I feel a little weird saying this, but the question “Who died?” is a common one late at night in my home. After Wunderkind goes to bed, Edelweiss and I like to read in the evenings. I usually have a climbing book or magazine. Then it comes.
I’ve started lying that no one in my current chapter or article died. Mostly it’s true. But there are a lot of stories of being stranded with HAPE, HACE, worsening frostbite, falling, avalanche, rock fall and snow bridges or cornices collapsing into voids, or alpinists learning of friends that go missing on a climb. I’m not morbid. I’ve never read these stories to contemplate death. I’m interested in the climb and the life of the climber. So my wife’s question, has bordered between becoming tiresome and comical.
Before I started writing this blog I read past the headlines of deaths of climbers, including the famous ones. Dying on a climb was something I avoided both in practice and in… I guess you’d call it concept or theory. I kept thoughts of dying climbing in the distance. But much of the news about climbing, except in the sources I typically refer to (see Mountain Links) are only talking of accidents and death; I just wanted news of attempts on jagged peaks.
Reading of climbing deaths in histories of Alaska or the Himalayas is somewhat detached. I notice deaths as if it were the death of Lou Gehrig — an important man in baseball from before my time, but I never had a reason to mourn.
In the process of obtaining best “inside track” for news on current climbing news through the American Alpine Club, climbing magazines in print and online and connections through social media, I’ve developed some relationships — a term I used in the broadest possible sense. Some I’ve conversed with once or twice, others I just follow like they are celebrities.
Along the way, my interest in them has developed a familiarity. When news came of Bjørn-Eivind Årtun’s death with his partner Stein-Ivar Gravdal on attempting a route in Norway, I did not react the way I have before. I couldn’t dismiss it. I felt I knew him. He climbed with Colin Haley on Mount Foraker. He was strong and progressive.
Then there was Michael Ybarra. I didn’t follow him, but I knew about him from his writing in the Wall Street Journal.
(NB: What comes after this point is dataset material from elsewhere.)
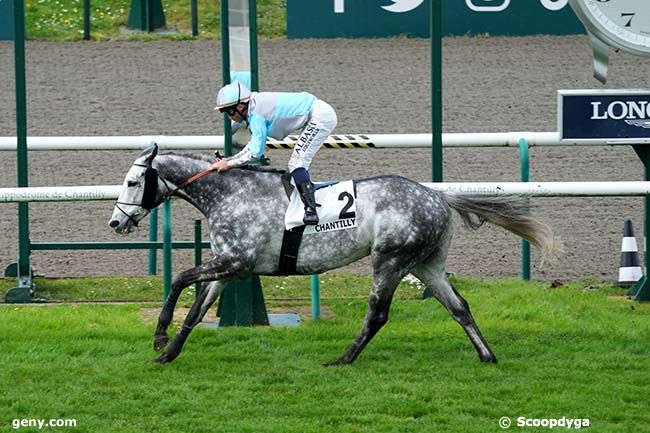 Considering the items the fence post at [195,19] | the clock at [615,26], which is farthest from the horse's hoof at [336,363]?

Then Yan Dongdong — a pioneer of Chinese alpinism — and just recently, Roger Payne. Roger left his wife, Julie Ann Clyma.
I wanted to hear more from them. I wanted to hear about their next ascent or plans to tackle something in Sichuan. I wanted them one day to say, I’m too old for this, go on into old age and die comfortably in their easy chair with family or their life partner nearby.
These climbers are heroes and people that inspire us and some of us live vicariously through. Hearing of their demise in their pursuit for their next objective — their quest for happiness, arguably — makes their conclusion harder to take. They’re end is not like that of hearing about your favorite actor or baseball player; actors don’t die from the risks of their performance and ball players don’t pass away from the conditions in the outfield.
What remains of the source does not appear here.